Ainsi, en tant que juge de la validité des contrats administratifs, saisi non seulement par les parties au contrat (CE, 28 décembre 2009, Commune de Béziers, n° 304802, publié au recueil Lebon – « Béziers I ») ou un concurrent évincé (CE, 16 juillet 2007, Sté Tropic Travaux Signalisation, n° 294545, publié au recueil Lebon) mais également par tout tiers susceptible d’être lésé (CE, 4 avril 2014, Département Tarn et Garonne, n° 358994, publié au recueil Lebon), le juge des contrats peut désormais sanctionner certaines irrégularités, liées au contenu du contrat ou aux conditions de son attribution, en enjoignant aux parties de prendre de mesures de régularisation, ou en prononçant la résiliation voir l’annulation du contrat.

Par ailleurs, saisi par une partie au contrat, le juge du contrat peut également annuler une décision de résiliation d’un contrat administratif et enjoindre aux parties de reprendre leurs relations contractuelles (CE, 21 mars 2011, Commune de Béziers, n° 304806, publié au recueil Lebon – « Béziers II »).

Enfin, saisi par un tiers, le juge du contrat peut annuler le refus de l’administration de faire droit à une demande de mettre fin à l’exécution du contrat et prononcer cette résiliation (CE, 30 juin 2017, SMPAT, n° 398445, publié au recueil Lebon).

Fort de cette « dynamique » jurisprudentielle, certains tribunaux administratifs n’ont pas hésité à étendre la jurisprudence « Béziers II » aux modifications unilatérales par l’administration des contrats administratifs, estimant que « eu égard à la portée d’une telle mesure d’exécution », le cocontractant de l’administration pouvait demander au juge du contrat d’annuler une telle mesure et de rétablir l’état antérieur du contrat (TA Lille, 20 février 2013, Sté Eaux du Nord, n° 1005463 ; TA Bastia, 5 décembre 2013, Sté Yachting Club de Sant Ambroggio, n° 1200179 ; TA Paris, 7 juillet 2014, Sté Les Fils de Madame Géraud, n° 1310033).

Toutefois, les juges d’appel se sont montrés bien plus réticents face à une telle évolution et ont refusé de valider cette extension ambitieuse de la jurisprudence « Béziers II » (CAA Nancy, 13 février 2014, Sté Véolia, n° 13NC00578 ; CAA Lyon, 13 novembre 2014, ERDF, n° 13LY00657 ; CAA Paris, 28 juin 2016, Sté Les Fils de Mme Géraud, n° 14PA03906) et, a fortiori, aux simples mesures d’exécution (CAA Bordeaux, 14 avril 2015, SA Sources et SAS Sotec Travaux publics, n° 13BX02045 : à propos d’une décision de l’administration de mettre en demeure un groupement d’entreprises d’établir son décompte général).

 

Une extension de Béziers II rejetée par le Conseil d’État ?
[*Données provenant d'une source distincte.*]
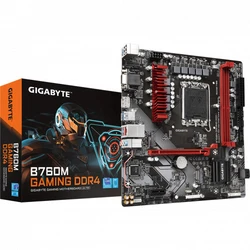 Материнская плата Gigabyte B760M GAMING DDR4 1.1 Micro-ATX, LGA 1700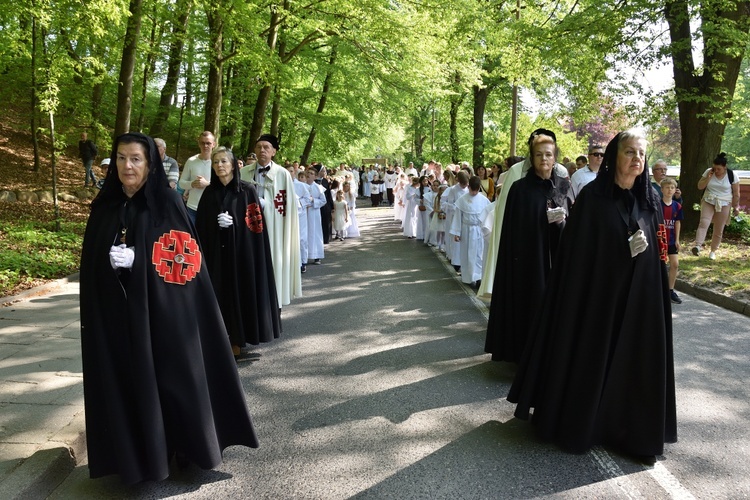 Tysiące pielgrzymów na Kalwarii Wejherowskiej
La décision du Conseil d’Etat qui nous intéresse (CE, 15 novembre 2017, Sté Les Fils de Mme Géraud, n° 402794) semble mettre (à tout le moins temporairement) un terme aux velléités d’extension de la jurisprudence « Béziers II ».

En l’espèce, le Centre national d’art et de cultures Georges Pompidou avait décidé, unilatéralement, de réduire le périmètre d’une concession pour l’exploitation d’un parc de stationnement.

Le Conseil d’Etat confirme que les décisions de résiliation sont les seules mesures d’exécution d’un contrat administratif dont la validité peut être remise cause devant le juge du contrat ; les autres mesures d’exécution ne peuvent être annulées par le juge du contrat qui pourra seulement, le cas échéant, condamner l’administration à indemniser son cocontractant du préjudice qui lui aurait été causé par ces mesures d’exécution.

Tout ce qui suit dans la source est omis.